Synchronized G20 infrastructure spending could boost global GDP – senior IMF official

FILE PHOTO: The International Monetary Fund (IMF) headquarters building is seen in Washington

WASHINGTON (Reuters) – The International Monetary Fund estimates that synchronized investment in infrastructure by Group of 20 major economies could boost global output by nearly 2% by 2025, a senior IMF official said on Tuesday.

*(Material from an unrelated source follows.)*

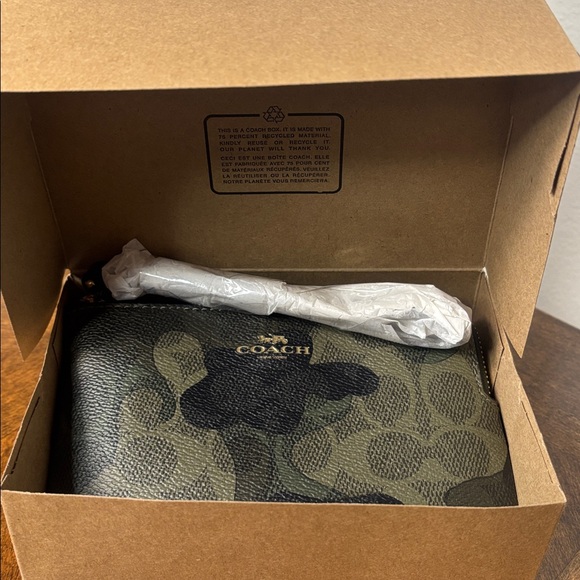 COACH (NEW IN BOX) SIGNATURE CAMO WRISTLET - Picture 9 of 12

Deputy Managing Director Antoinette Sayeh told the Rome Investment Forum the global economy had begun to climb back from the depths of the COVID-19 crisis, but a resurgence in infections was delaying the recovery and setbacks were possible.

She said it was vital to bring the health crisis under control through international investment in vaccines, continue fiscal support to prevent cascading bankruptcies, and boost investment in green and digital infrastructure.

Sayeh said significant progress on development of COVID-19 vaccines was encouraging, but international cooperation was needed to manufacture, purchase and distribute them to all countries, including the poorer ones.

She repeated the IMF’s estimate that quick and wide sharing of progress on medical solutions could add almost $9 trillion to global income over the next five years, which would also address a widening income gap between poorer and richer nations.

It was also critical to continue fiscal support, such as cash transfers to households, retention support and augmented unemployment benefits that have or are due to expire, Sayeh said.

At the same time, investment in digital and green infrastructure would lay the foundation for more sustainable and inclusive future growth.

Sayeh said the IMF forecast that global gross domestic product would increase by close to 2% by 2025 if G20 countries with the largest spending power simultaneously raised infrastructure spending by 0.5% of GDP in 2021 and 1% in subsequent years, and other G20 economies spent a third of that.

Overall spending could be a third lower to achieve the same outcome than if countries acted alone, she said.